Lampedusa. The first flight

Lampedusa airport. Four p.m. They arrive in groups of ten, in single file, without luggage and escorted by the police. They walk proudly and with their heads up, but their faces show their emotions. In fact, for many of them this is the first time they get on a plane. They are the Tunisian young men who landed on the island. They have been at Lampedusa for the past two weeks. And at last they have been granted the transfer to the reception centres of Bari and Crotone. The Eurofly airplane with which they will fly is visible through the glass partition. There are some youngsters among them who do not appear to be older than fifteen or sixteen. They have the right to go to a reception centre reserved for minors. But they prefer this adventure. Also because it is safer. According to the law they are considered unaccompanied minors. But they were not alone on the boats on which they arrived here. Somebody came with his brother, or with his uncle, somebody else with his friends. These are people they trust completely, and with whom they will continue the journey towards France. The excitement is visible on their faces. And they stare at the metal detector as if it were the last challenge. As if it were an initiation rite. After they are through the securitry checks and inside the plane, they become men. They become foreigners, life will be hard, they all know it, but they left for a chance to strive for a living.

And it is almost funny the idea that they may fear the airplane more than the voyage at sea. Not even Reda knows what it will be like for him to fly. And yet he has lived through quite a lot in his lifetime. Three years in Lybia, between Khums and Misratah working as a fisherman. Then back to Tunisia at Zarzis working full time as a porter for an Italian travel agency of the Blu Club Diana, with the tourists. And then the decision to leave. Sudden and adventurous. It was only 72 hours from the first time they actually talked about it in a bar in the neighbourhood to the day they sailed. And they did everything on their own. No samsara, no intermediaries. And he knows it quite well because he has sailed a boat before.

He was the only fisherman and the only one who could do it. He told me about it together with the other passengers on the boat. All friends and neighbours. They raised the funds for the expenses, acquired a boat with a 45 horse-power engine and 29 of them got on board.
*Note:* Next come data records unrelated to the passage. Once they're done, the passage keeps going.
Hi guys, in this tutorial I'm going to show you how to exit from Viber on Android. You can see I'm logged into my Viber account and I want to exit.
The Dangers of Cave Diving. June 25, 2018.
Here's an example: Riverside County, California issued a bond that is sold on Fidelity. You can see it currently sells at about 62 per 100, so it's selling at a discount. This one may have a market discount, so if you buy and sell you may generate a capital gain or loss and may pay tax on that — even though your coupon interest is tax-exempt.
You absolutely need to stock up on three things for the voyage, Reda adds jokingly: fuel for the engine, water to drink and a little hashish to relax. And he must have really needed it, since they were at sea for 40 hours, without compass, and with the mobile out of battery after the first two days. He says that he pretended that everything was alright not to get the others worried, and that he told them the truth only after they had reached, with a great dose of luck, the port of Lampedusa.

And we should be grateful to him. Grateful for having left all the same, for having broken the laws. Because in the modern world, in which hundreds of millions of people travel every day from one corner of the planet to the other for business, study, family, pleasure or love, it is so anachronistic the idea of stopping people from moving around. In a world in which each one of us has some emotional, work or identity attachment with someone or something at the other side of the world, it is anachronistic that someone may travel and others may not. Therefore, welcome friends and good luck. Because the journey continues.
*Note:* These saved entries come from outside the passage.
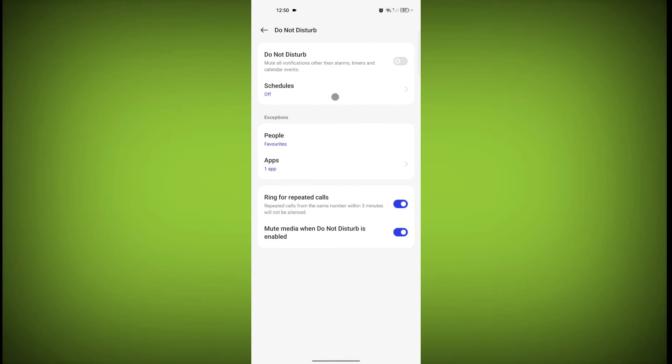So in this way, you can turn off Do Not Disturb mode on any Realme phone. Thanks for watching. Subscribe.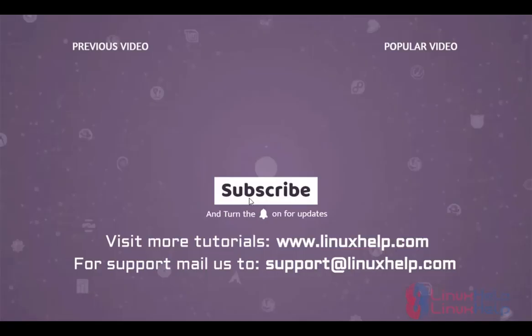Thank you for watching this video. If you like it, please subscribe to our channel. To learn more tutorials, visit www.linuxhelp.com. And if you have any queries, mail us to support@linuxhelp.com.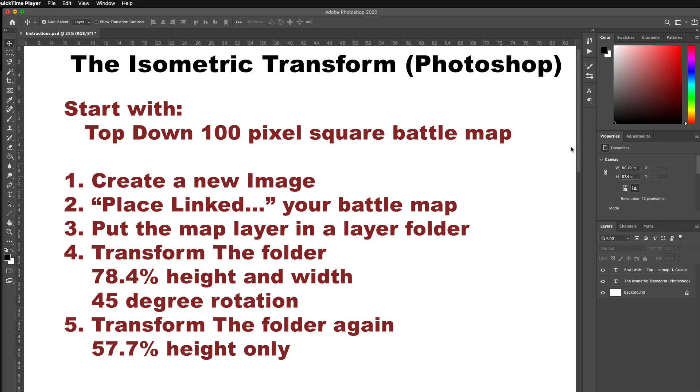This is a tutorial in Photoshop on how to take a top-down map, like a battle map, and transform it into the isometric transform.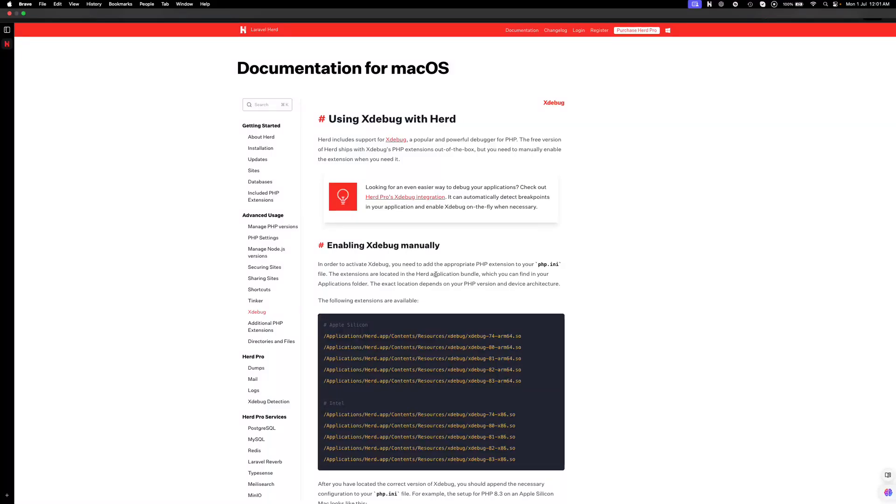Hello everyone, today we'll see how to configure Xdebug with Herd and PHPStorm.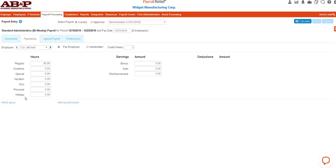If there had been any deductions such as a 401k or a medical withholding, then that would also appear. You would just be able to select the employees and make any changes in here. Once you made a change, you could then hit save.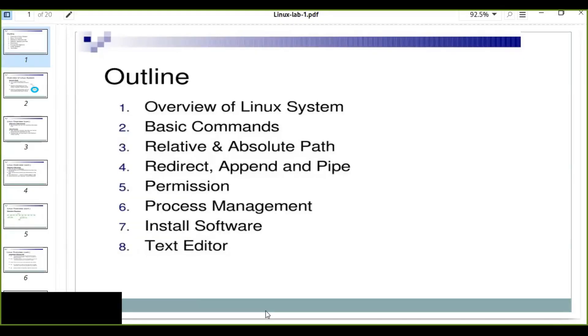Hello guys, welcome to Linux commands tutorial for Python developers. In this tutorial, we're going to learn a lot of Linux basic commands.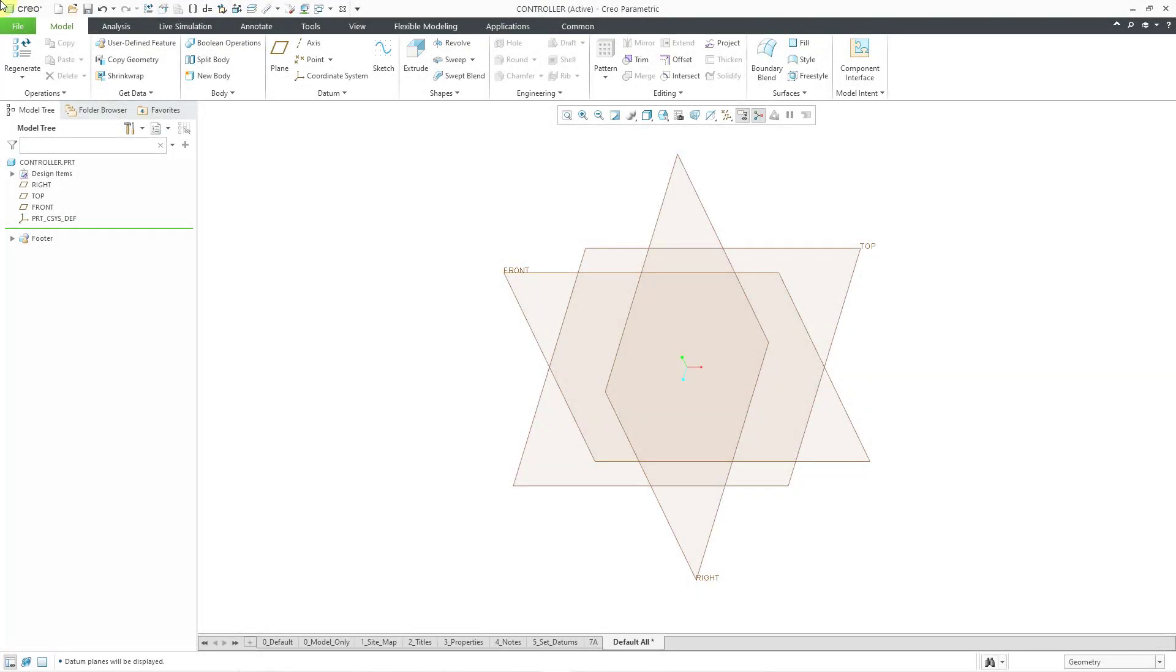In Creo Parametric, you can use the Face Split command in the Freestyle feature in order to split a face. Let's take a look at how to do that.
Reda, the porter fisherman from Zarzis, is going to France. He has just been sent 200 euros from his brother in Paris to the Lampedusa post office, using the name of an Italian resident. He is going to need it for the train ticket to Ventimiglia. Yassin instead will only go as far as Milan, where he will be met by his French fiancée, Marie. They met at Zarzis, where she went on holidays. He shows me an sms, in French, which says: “Darling it is better for you to wait for me in Milan, I miss you, kisses”. Mohamed, on the other hand, has left his girlfriend in Holland. In fact, he has already been in Europe, spending two years in Paris before being expelled. And then there is Amr, who is one of Reda’s crew from Zarzis. However, he is the only one who will remain in Sicily. He has a brother who lives in Palermo, who will host him as soon as he gets there. In the meantime he makes ends meet with the savings he brought with him. Two hundred dinars, more or less one hundred euros, in banknotes of small denomination, all creased after so many days in his pocket.
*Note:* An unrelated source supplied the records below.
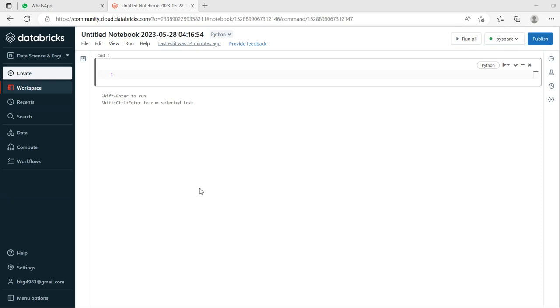Hello friends, today we will see the difference between union and union by name in PySpark. Union and union by name transformations are used to match two or more data frames of the same schema or structure. Union by name has one additional parameter called allow missing columns which has a value equal to true.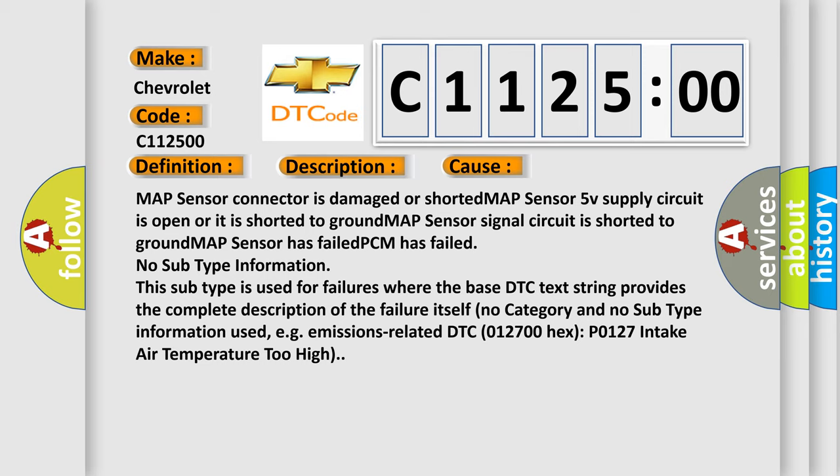No subtype information. This subtype is used for failures where the base DTC text string provides the complete description of the failure itself. No category and no subtype information used.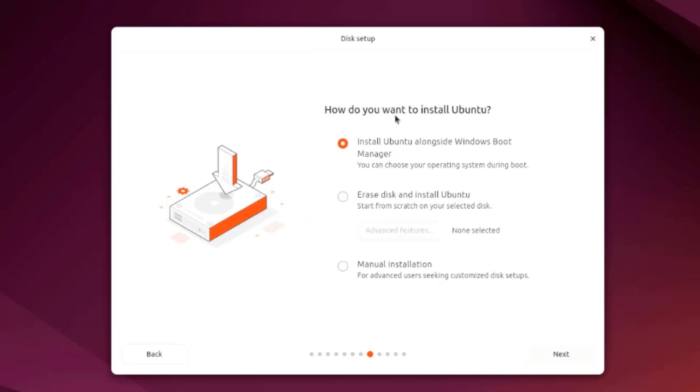It says here how do you want to install Ubuntu. There are three options here: install Ubuntu alongside Windows Boot Manager, erase disk, and manual installation. The first option is what I want. I want to install Ubuntu alongside Windows Boot Manager so it's already selected.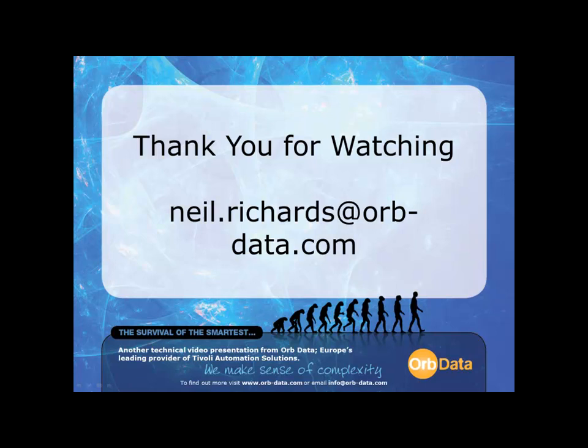This is the end of this particular video presentation. I hope you have found the video useful. If you have any questions or queries, you can reach me at the email address on screen. Neil.Richards at orb-data.com Thank you for watching.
More Redas, more Mohameds, more Yassins and more Amrs will arrive in the next days when the sea is calmer. Because today the sea is rough, with 40 knot winds and three to four metre waves. The last two boats were helped out yesterday not far from the island. One of them with 197 people, among them three pregnant women, and the other one with 36 men, saved by a fishing boat from Mazara del Vallo a few hours before the sea became really dangerous.